Сурожане и суконники иной раз прямо вмешивались в политическую жизнь и распри московских князей. В числе заговорщиков, замысливших свержение великого князя Василия Васильевича Темного, находились бояре и гости. Некоторые гости и суконники затеяли крамолу («вскоромолили») против Василия и бежали в Тверь. Они же давали деньги в долг дяде великого князя Юрию Дмитриевичу. И хотя Юрий занимал эти деньги для борьбы с Василием, интересы заимодавцев не пострадали. Василий взял на себя обязательство заплатить чужой долг.[458] Этот факт сам по себе служит великолепным показателем того высокого положения, какое гости и суконники занимали в московском обществе середины XV века. Аннулировать долги, хотя бы сделанные враждебным князем, значило затронуть влиятельное московское купечество.
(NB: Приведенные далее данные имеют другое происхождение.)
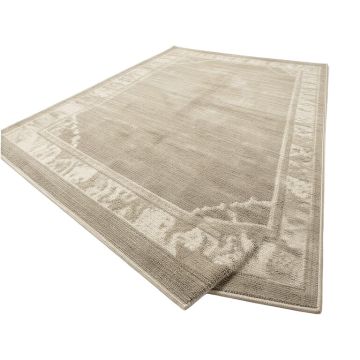 Alicia Carpet Khaki Area Rug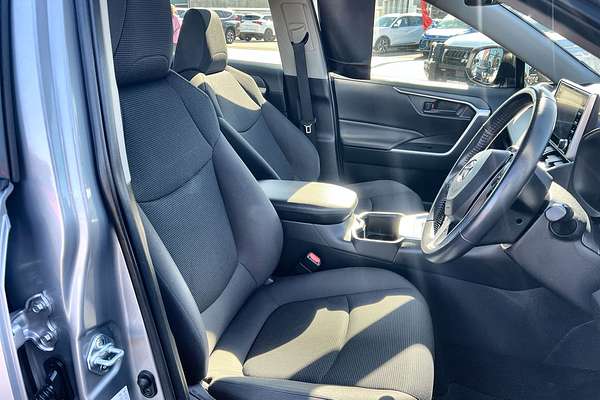 2022 Toyota RAV4 GX AXAH52R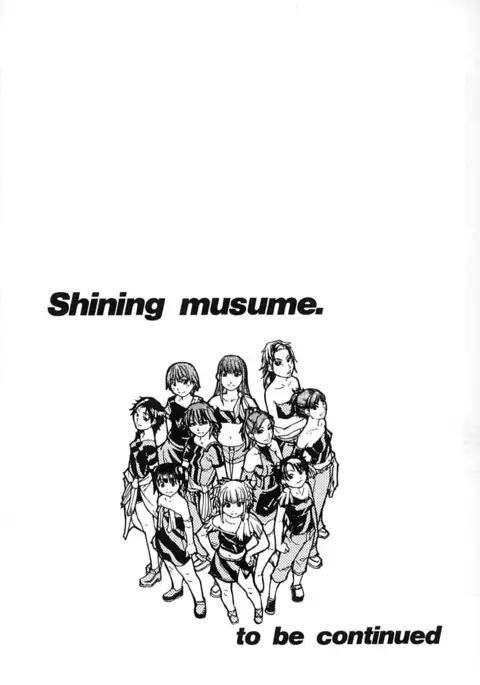 Shining Musume Vol. 2 - Second Paradise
Впрочем, средневековое время накладывало свой отпечаток на купечество, состав которого не был устойчивым. Крупные купцы охотно переходили в разряд землевладельцев, так как в феодальное время только земельное имущество было прочным обеспечением. Ховрины—Головины, как мы видели, заняли место в первых рядах московской знати. Более скромное положение имели Ермолины, Саларевы и т. д. Но так или иначе, в третьем или четвертом поколении богатые купеческие роды переходили в разряд феодалов, занимавшихся уже эксплуатацией своих вотчин, попадали в разряд служилого дворянства и теряли свои связи с торговлей.